Face à la gravité de la situation au Burundi, il ne suffit plus de demander  aux «parties prenantes de respecter la constitution et les accords d’Arusha». L’Union Africaine doit être claire en déclarant que le 3eme mandat est inconstitutionnel et contre les accords d’Arusha.

Je crois que L’Union Africaine a une influence certaine sur le Burundi, l’Union y a mené dans le passé, avec un certain succès des opérations de maintien de la   paix, l’Union y a investi ses hommes et ses ressources.

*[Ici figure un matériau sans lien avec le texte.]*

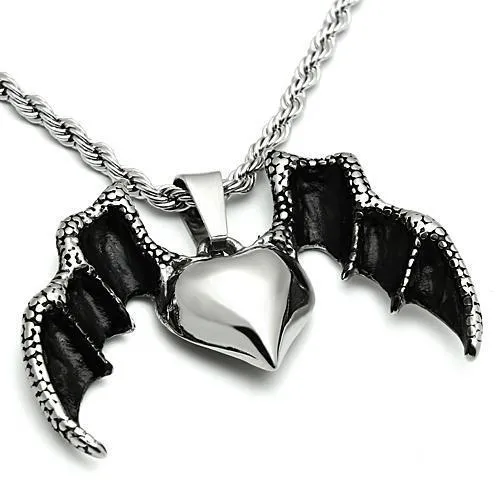 TK549 - High polished (no plating) Stainless Steel Chain Pendant with No Stone - Image 3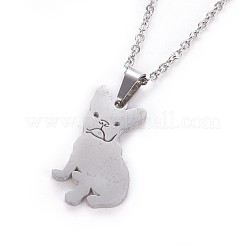 Tarnish Resistant 304 Stainless Steel Puppy Jewelry Sets&nbsp;SJEW-F208-04P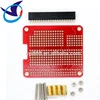 Red DIY Proto HAT Shield for Raspberry Pi 3 and Raspberry Pi 2 Model B / B+ / A+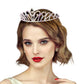 AB Silver Rhinestone Princess Tiara. Perfect for adding just the right amount of shimmer & shine, will add a touch of class, beauty and style to your wedding, prom, special events, embellished glass crystal to keep your hair sparkling all day & all night long. Perfect Birthday, Anniversary , Mother's Day, Graduation Gift.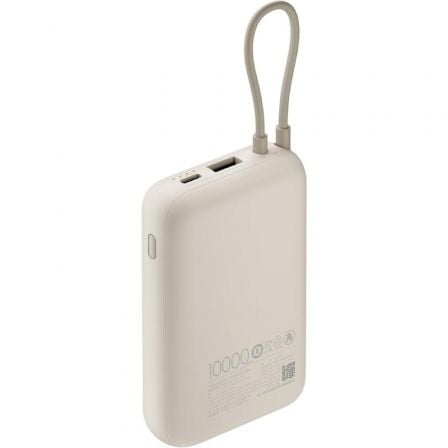 Powerbank 10000mAh Xiaomi Power Bank Integrated Cable/ 22.5W/ Beige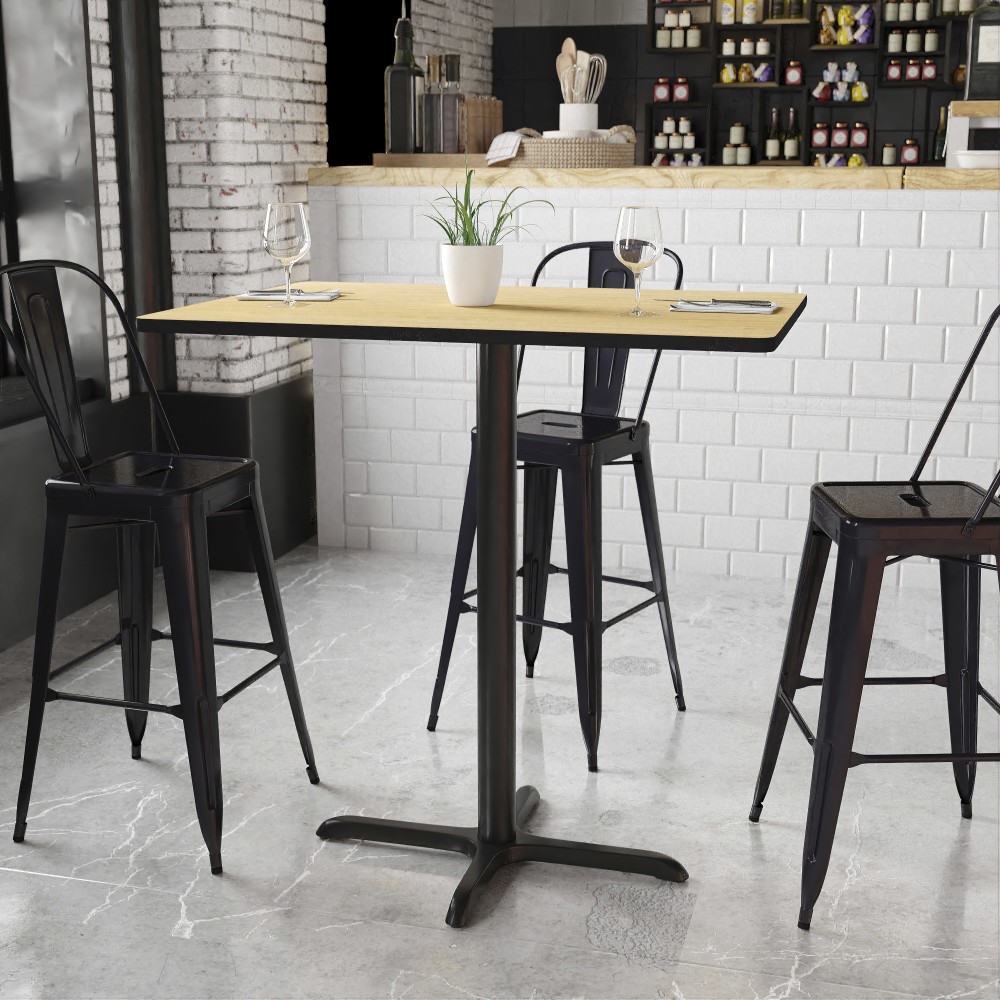 Flash Furniture Laminate Rectangular Table Top With Bar-Height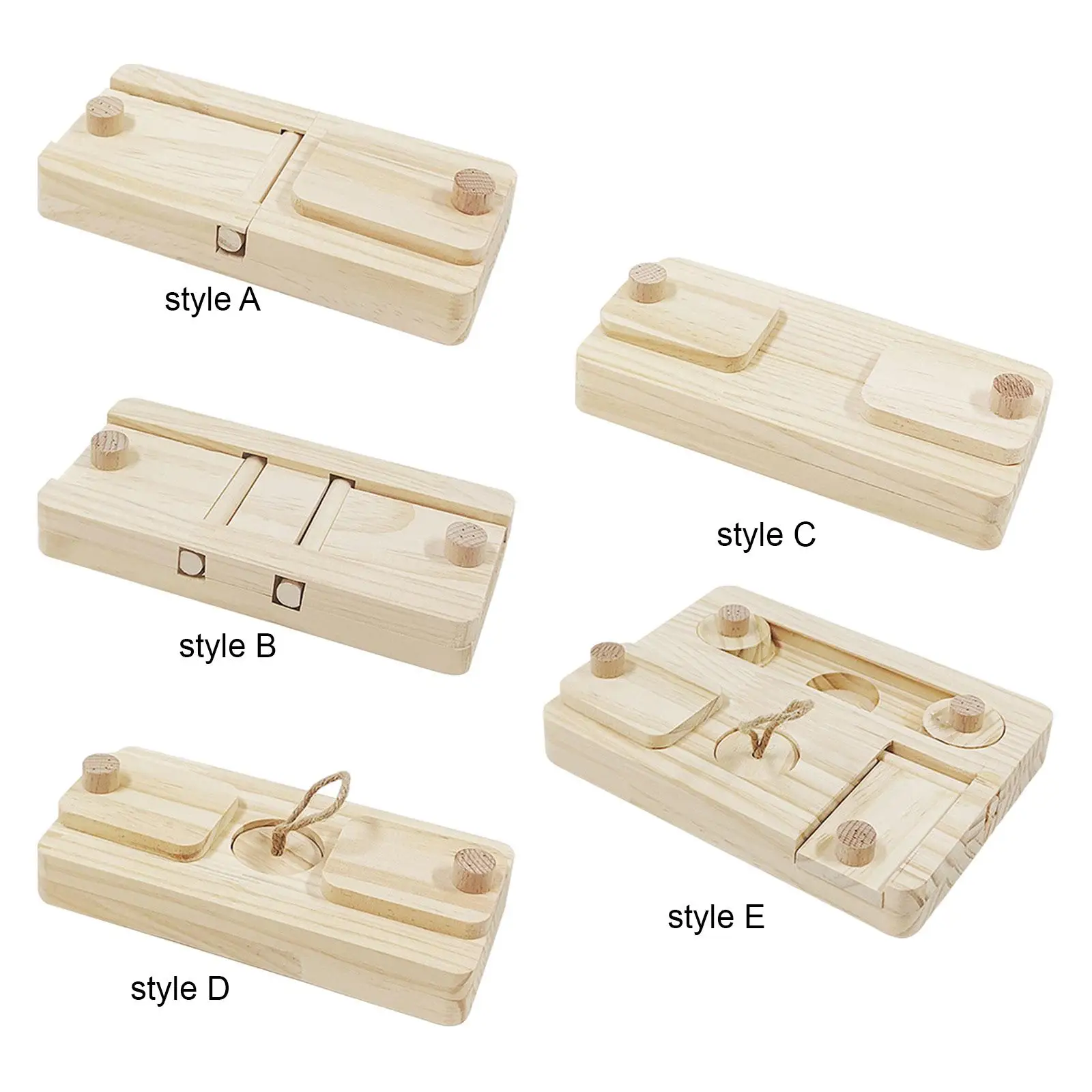 Wooden Enrichment Foraging Toy Feeding Toys Hide Treats Food Hidden Chew Toys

Aujourd’hui,  l’Union Africaine doit éviter la tergiversation et être catégorique. Il n’est pas question de laisser une nouvelle guerre civile se déclencher au Burundi. Notre continent n’a pas de moyen pour la gérer. Nous avons déjà trop de problèmes à régler ; trop de défis à relever. La dernière guerre civile au Burundi avait fait 250,000 morts.

L’Union Africaine et le CPS devraient avoir demandé l’avis de leurs organes juridiques sur la constitutionalité du 3eme mandat au Burundi et en découdre une fois pour de bon. C’est une responsabilité historique. Hier, notre institution continentale a raté l’occasion de s’imposer au Burkina Faso jusqu’à ce que les citoyens Burkinabè aient chassé eux-mêmes leur dictateur. Aujourd’hui une nouvelle chance s’offre à l’Union Africaine  de se joindre au reste du monde pour isoler le Président  Nkurunziza.

Le risque d’un coup d’état au Burundi est très grand en ce moment. Il ne faut absolument pas en arriver. L’Afrique doit cesser de projeter l’image d’un continent aux méthodes brutales. Une isolation politique  et catégorique du Président Nkurunziza par l’Union Africaine pourra certainement le faire fléchir….

Le Conseil de Paix et de sécurité doit se réunir d’urgence  pour dénoncer l’entrave des autorités burundaise au fonctionnement de la Cour Constitutionnelle, se désolidariser de toute décision d’une Cour aux ordres du pouvoir politique et  déclarer le 3eme mandat inconstitutionnel et contre les accords d’Arusha.    

NB : Mes opinons sont absolument personnelles et n’engagent en rien mon organisation.